I could just as well be doing the dishes or reading some book totally irrelevant to my field or weeding. These are all things I enjoy doing when I'm not writing. I think one consistent problem across the different writing registers that affect me at present (review, conference presentation, article, tenure report, blog) is confidence. I am at present lacking in confidence. If one of these things would actually come through (an article, a successful presentation, tenure, a blog reader)...well, that would give me confidence. Then I might be able to write. But I need to write first for one of these things to come through. Fuck.

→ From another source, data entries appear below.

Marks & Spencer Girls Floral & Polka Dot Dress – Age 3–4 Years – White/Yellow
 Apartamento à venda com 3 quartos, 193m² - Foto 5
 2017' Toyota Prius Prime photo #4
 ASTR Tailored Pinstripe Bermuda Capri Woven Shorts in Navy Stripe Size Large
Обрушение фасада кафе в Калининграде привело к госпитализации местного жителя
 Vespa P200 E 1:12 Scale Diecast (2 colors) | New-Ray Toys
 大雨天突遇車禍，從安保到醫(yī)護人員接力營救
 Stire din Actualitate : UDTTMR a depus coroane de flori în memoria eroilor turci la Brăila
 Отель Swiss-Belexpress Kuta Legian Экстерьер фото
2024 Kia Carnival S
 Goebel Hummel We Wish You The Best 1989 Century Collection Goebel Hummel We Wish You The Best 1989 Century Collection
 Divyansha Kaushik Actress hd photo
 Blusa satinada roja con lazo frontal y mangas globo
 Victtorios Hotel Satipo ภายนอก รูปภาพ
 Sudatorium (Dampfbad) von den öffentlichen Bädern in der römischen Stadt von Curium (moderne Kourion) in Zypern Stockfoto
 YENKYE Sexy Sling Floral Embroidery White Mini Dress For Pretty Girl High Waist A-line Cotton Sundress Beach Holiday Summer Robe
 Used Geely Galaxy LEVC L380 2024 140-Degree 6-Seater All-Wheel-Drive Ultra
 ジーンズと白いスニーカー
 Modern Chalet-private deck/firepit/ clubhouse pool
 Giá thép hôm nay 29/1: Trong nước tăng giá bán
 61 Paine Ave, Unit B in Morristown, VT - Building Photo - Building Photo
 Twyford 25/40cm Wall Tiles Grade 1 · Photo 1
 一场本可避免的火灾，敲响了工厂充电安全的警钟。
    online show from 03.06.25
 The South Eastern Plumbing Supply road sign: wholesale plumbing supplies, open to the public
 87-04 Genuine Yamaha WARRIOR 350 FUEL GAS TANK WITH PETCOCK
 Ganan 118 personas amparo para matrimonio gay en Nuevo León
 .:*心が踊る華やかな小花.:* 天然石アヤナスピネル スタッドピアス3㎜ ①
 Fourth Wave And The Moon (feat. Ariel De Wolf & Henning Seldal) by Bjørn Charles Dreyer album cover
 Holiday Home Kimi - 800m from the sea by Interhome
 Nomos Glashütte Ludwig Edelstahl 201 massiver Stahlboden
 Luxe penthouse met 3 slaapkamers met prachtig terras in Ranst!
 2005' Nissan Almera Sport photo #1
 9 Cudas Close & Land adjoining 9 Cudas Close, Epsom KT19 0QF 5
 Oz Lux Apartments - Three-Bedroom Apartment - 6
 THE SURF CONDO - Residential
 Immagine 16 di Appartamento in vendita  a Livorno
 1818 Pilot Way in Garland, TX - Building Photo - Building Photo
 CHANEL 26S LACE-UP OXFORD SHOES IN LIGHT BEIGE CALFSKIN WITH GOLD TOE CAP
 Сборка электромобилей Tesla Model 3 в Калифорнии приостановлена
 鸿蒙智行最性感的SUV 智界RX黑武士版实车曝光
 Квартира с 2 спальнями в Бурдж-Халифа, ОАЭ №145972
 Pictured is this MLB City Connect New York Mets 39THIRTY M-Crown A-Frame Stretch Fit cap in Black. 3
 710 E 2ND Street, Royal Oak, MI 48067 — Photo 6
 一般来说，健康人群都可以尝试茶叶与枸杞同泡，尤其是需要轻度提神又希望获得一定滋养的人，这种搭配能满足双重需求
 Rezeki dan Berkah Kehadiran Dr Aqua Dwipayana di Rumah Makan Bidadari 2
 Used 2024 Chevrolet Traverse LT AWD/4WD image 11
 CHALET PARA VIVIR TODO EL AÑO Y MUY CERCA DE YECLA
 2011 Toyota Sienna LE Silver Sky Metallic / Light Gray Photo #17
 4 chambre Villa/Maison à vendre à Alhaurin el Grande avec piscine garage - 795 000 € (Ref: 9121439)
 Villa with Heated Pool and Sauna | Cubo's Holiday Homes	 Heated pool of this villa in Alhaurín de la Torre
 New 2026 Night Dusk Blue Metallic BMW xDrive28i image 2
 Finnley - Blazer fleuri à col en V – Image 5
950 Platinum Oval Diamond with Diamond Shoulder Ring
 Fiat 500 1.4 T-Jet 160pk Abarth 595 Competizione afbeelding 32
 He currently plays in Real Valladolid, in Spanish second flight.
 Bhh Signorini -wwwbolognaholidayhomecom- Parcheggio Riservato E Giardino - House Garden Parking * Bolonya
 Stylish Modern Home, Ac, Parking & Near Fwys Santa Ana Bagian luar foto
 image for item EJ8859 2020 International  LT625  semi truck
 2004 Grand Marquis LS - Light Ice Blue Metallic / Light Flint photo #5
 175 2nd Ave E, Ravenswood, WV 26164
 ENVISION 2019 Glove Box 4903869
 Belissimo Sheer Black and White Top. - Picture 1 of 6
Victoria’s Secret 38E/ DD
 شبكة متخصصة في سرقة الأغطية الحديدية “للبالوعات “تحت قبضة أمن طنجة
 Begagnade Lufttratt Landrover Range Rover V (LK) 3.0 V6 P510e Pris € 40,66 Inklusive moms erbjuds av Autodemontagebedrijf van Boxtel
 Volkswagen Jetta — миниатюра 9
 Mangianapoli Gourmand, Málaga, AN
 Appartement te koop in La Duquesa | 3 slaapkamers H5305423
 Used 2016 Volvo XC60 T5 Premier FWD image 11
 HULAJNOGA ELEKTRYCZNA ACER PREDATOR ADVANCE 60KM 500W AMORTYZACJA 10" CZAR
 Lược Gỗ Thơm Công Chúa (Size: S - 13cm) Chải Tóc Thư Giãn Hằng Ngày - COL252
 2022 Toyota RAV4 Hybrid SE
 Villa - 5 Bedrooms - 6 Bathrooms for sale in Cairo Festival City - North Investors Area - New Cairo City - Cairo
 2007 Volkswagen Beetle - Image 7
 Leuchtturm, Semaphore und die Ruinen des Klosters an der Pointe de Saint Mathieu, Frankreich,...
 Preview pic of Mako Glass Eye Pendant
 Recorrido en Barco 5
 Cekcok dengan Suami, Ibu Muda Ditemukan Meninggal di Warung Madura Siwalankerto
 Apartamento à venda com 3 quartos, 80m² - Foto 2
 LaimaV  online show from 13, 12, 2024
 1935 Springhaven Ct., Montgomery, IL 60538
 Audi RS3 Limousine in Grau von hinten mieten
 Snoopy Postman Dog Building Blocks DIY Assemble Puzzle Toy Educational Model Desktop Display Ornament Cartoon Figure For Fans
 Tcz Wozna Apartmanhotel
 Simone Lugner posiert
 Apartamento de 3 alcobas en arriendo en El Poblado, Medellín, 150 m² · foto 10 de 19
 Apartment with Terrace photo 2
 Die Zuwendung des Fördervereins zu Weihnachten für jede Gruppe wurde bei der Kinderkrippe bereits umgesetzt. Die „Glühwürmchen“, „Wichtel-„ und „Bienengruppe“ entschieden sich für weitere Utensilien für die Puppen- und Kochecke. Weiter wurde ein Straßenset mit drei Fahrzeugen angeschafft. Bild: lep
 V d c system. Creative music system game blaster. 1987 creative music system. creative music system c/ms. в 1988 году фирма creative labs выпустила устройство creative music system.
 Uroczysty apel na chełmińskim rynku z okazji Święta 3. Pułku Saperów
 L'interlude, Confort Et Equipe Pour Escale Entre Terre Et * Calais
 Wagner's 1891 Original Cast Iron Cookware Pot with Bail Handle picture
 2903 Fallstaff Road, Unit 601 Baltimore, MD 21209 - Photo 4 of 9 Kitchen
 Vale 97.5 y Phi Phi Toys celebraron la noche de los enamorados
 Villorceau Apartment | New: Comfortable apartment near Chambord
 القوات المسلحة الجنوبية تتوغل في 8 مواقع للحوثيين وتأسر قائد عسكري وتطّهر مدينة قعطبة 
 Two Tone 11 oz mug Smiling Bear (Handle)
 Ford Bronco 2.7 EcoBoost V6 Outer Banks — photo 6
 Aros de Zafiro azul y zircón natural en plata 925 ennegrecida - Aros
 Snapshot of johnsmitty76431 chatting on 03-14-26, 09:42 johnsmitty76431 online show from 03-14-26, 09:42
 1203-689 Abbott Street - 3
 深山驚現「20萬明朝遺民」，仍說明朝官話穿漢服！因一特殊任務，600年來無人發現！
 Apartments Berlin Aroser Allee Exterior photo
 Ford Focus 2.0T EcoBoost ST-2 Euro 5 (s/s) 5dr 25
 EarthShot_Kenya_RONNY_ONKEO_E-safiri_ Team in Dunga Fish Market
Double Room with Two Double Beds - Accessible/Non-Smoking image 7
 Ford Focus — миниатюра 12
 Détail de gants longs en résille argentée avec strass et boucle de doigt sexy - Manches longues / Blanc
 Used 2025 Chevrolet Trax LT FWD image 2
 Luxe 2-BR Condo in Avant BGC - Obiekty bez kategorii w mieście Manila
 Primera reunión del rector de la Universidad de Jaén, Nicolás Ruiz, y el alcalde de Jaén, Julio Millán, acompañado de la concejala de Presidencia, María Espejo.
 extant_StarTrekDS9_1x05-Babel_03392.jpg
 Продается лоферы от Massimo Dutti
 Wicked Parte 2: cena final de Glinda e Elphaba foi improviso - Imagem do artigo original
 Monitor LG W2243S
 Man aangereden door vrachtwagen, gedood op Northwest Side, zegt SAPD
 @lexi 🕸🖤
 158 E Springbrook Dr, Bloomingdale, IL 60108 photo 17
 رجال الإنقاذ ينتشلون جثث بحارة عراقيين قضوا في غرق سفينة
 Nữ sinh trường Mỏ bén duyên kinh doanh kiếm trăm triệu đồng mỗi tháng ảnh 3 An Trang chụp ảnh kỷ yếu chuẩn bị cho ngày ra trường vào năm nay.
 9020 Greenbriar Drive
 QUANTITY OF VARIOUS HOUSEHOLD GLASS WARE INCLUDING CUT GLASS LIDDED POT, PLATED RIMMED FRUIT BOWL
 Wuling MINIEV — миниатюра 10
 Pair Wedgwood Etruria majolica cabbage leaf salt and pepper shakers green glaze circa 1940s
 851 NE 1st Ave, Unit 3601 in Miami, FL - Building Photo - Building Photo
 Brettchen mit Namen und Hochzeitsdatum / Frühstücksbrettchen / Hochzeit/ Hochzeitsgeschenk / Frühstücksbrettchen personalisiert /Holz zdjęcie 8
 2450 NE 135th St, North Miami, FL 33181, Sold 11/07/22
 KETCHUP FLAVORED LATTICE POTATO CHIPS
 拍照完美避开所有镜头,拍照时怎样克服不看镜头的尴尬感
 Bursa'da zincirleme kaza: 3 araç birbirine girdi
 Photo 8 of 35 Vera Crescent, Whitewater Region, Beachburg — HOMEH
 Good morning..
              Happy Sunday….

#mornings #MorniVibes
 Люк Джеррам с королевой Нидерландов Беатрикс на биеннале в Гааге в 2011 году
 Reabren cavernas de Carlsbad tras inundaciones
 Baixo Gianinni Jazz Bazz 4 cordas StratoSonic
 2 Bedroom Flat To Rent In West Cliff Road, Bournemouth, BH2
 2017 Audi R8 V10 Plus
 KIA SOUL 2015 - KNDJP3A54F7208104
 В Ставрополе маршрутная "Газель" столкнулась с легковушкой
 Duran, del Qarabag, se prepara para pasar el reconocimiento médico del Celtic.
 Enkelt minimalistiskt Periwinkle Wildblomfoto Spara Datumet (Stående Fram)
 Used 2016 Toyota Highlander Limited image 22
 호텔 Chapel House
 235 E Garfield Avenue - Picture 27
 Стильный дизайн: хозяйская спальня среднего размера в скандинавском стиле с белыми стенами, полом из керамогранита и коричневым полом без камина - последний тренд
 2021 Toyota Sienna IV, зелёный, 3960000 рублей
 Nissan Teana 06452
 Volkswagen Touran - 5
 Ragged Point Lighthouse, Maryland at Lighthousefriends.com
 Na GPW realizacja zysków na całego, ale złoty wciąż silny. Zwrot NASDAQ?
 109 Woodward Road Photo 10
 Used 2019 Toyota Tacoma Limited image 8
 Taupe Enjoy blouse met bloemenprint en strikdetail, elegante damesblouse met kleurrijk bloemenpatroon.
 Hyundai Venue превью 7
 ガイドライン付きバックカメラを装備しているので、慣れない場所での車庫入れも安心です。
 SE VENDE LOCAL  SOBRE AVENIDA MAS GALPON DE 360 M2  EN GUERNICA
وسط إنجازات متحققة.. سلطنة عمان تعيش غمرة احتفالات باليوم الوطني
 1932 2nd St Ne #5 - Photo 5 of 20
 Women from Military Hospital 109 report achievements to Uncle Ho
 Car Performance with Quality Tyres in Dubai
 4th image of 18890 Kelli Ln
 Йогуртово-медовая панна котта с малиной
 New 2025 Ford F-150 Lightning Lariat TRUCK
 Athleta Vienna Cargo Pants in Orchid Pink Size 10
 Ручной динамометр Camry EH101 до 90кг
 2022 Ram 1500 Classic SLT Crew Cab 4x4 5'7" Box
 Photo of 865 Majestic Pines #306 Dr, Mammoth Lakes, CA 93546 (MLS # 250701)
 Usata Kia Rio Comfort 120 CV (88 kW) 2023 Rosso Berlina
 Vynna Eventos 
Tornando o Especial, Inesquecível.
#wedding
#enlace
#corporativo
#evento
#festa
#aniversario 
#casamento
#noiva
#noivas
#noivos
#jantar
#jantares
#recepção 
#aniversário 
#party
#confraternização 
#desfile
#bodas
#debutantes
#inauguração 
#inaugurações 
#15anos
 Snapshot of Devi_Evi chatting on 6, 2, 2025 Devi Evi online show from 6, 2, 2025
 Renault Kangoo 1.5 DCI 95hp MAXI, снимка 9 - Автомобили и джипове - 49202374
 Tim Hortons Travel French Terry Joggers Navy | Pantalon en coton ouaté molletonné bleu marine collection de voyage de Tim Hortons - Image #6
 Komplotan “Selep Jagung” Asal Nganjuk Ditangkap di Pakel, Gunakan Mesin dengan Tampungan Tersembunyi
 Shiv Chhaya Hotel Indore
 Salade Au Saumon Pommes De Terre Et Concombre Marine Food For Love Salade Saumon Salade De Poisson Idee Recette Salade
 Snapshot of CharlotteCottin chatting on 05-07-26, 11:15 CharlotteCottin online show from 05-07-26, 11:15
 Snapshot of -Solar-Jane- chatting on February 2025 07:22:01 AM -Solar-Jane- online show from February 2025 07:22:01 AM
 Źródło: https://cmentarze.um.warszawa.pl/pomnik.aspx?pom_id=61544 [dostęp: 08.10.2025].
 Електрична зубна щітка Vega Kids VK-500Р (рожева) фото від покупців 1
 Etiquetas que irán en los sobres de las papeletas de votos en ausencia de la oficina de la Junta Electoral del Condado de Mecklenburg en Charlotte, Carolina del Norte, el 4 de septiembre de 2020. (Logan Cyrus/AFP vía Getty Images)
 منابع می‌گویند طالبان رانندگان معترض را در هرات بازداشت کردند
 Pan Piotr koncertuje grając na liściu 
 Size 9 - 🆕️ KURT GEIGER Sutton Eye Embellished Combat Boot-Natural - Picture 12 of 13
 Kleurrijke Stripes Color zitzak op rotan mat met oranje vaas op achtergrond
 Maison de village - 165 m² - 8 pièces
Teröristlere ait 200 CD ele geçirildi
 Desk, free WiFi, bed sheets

I was asked by a journal to write a review of a book that was published as part of a series that includes my own book. I like this writer's previous book a lot and I like the new book too (though less). But for some reason I cannot say how or why, even though I know - or think I know - how and why. I have this sudden loss of confidence. They sent along a sample review for style, length, etc. That review is not very good, in fact. But it's better than the one I'm writing. At least that's how I see it. I have to see it differently. Not as "not very good" or "good" or whatever, but as "a review," which I too have to write. An article, which I too have to write. Tenure, which I too have to win. A blog, which, well. O.K. Next up (maybe): liberalism and the academy. Confidence makes for good writing. It makes for writing period. Words. To write confidently is to write better. Where does it come from, though?